### Task details
Output, word for word, each line from the one with "2 Bedrooms Flat" through the end of the listing below, excluding every picture.

### Information supplied
'''
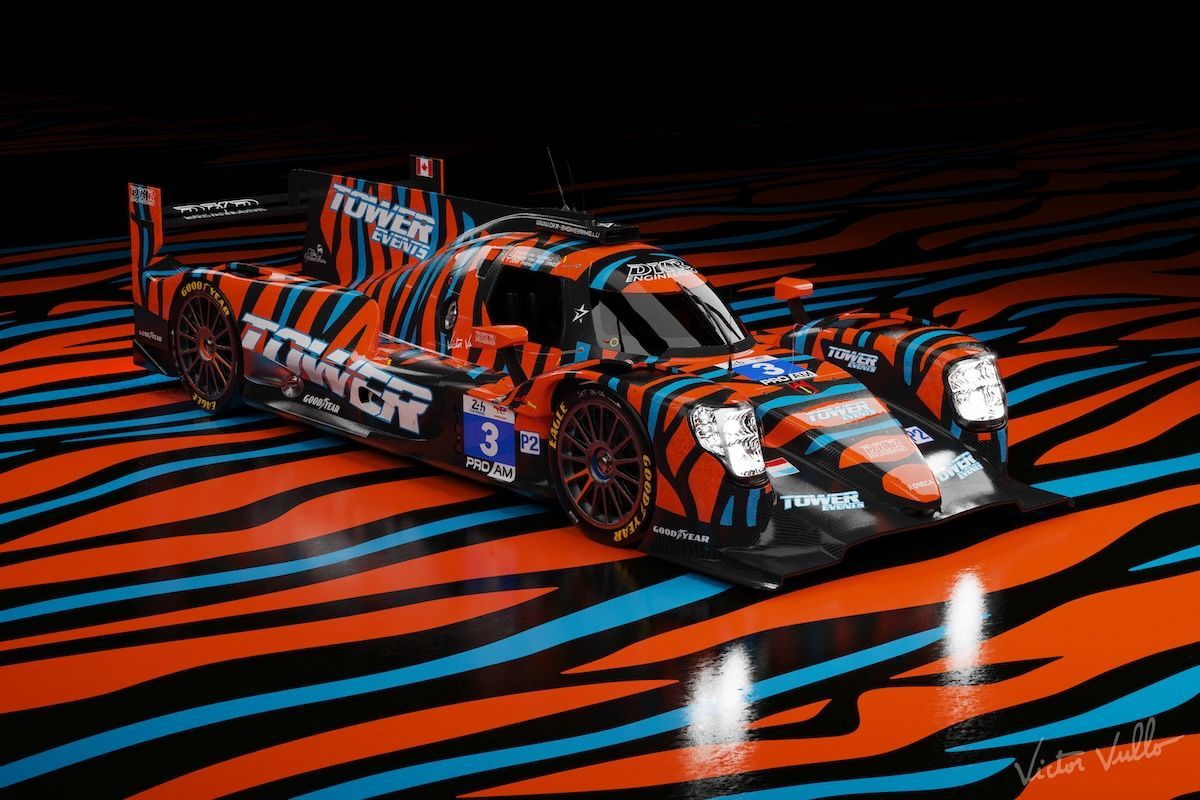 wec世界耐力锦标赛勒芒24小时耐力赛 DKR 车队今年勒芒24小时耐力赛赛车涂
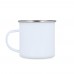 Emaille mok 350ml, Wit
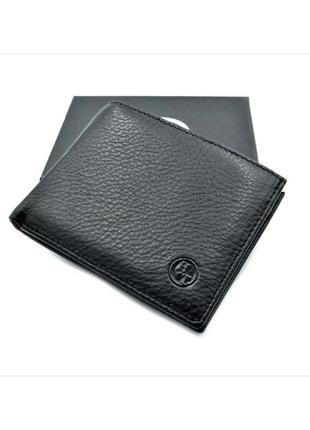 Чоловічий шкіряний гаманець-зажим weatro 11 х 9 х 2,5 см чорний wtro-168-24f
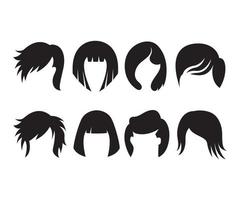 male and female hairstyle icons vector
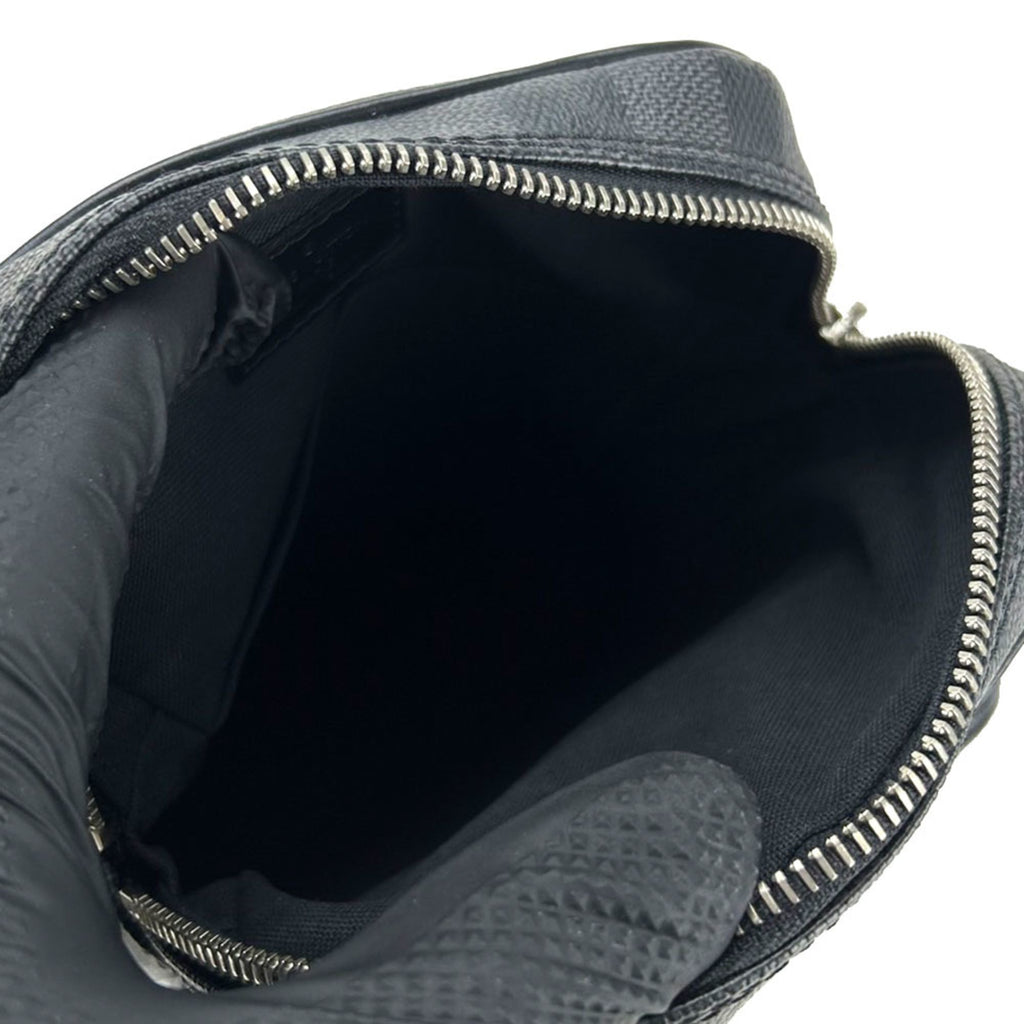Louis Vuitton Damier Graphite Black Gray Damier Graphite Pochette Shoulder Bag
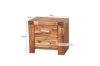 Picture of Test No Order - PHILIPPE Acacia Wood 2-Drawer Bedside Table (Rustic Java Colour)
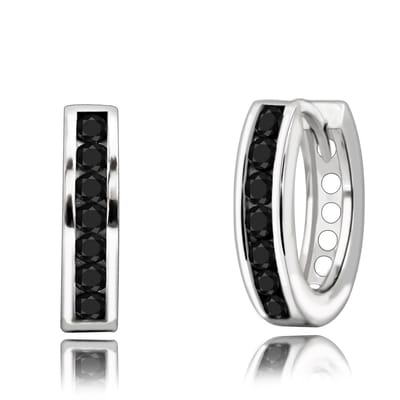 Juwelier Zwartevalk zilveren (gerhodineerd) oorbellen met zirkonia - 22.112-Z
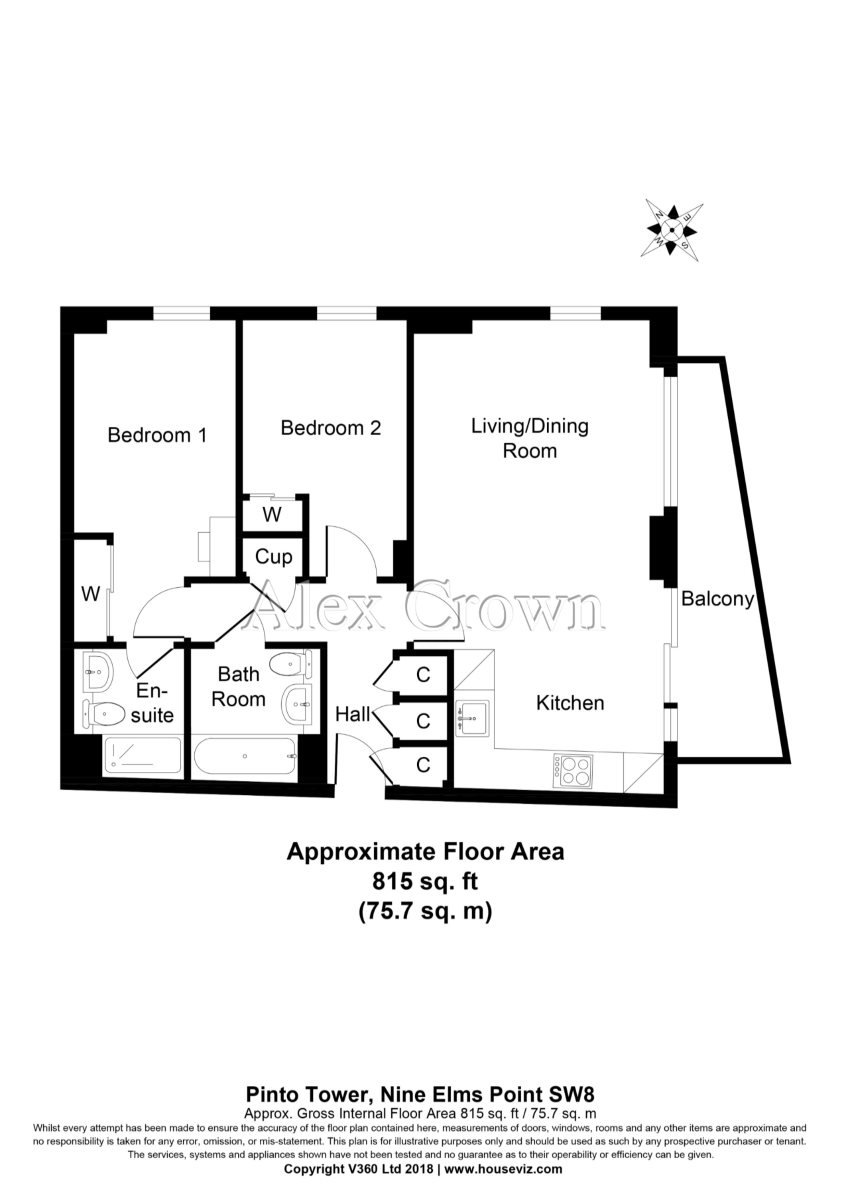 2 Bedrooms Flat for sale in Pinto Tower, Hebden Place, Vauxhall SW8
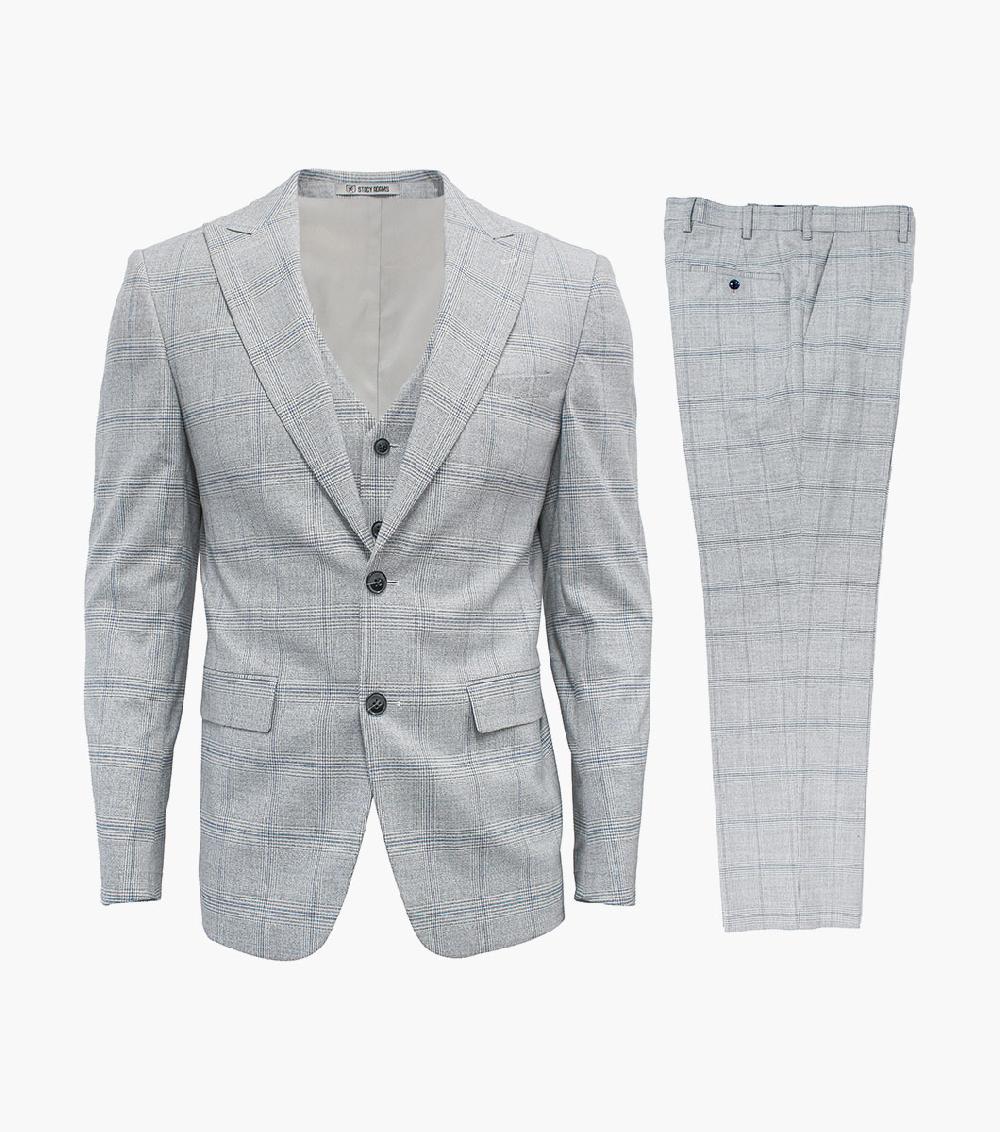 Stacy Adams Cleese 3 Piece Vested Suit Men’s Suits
'''
### Exercise answer
 2 Bedrooms Flat for sale in Pinto Tower, Hebden Place, Vauxhall SW8
 Stacy Adams Cleese 3 Piece Vested Suit Men’s Suits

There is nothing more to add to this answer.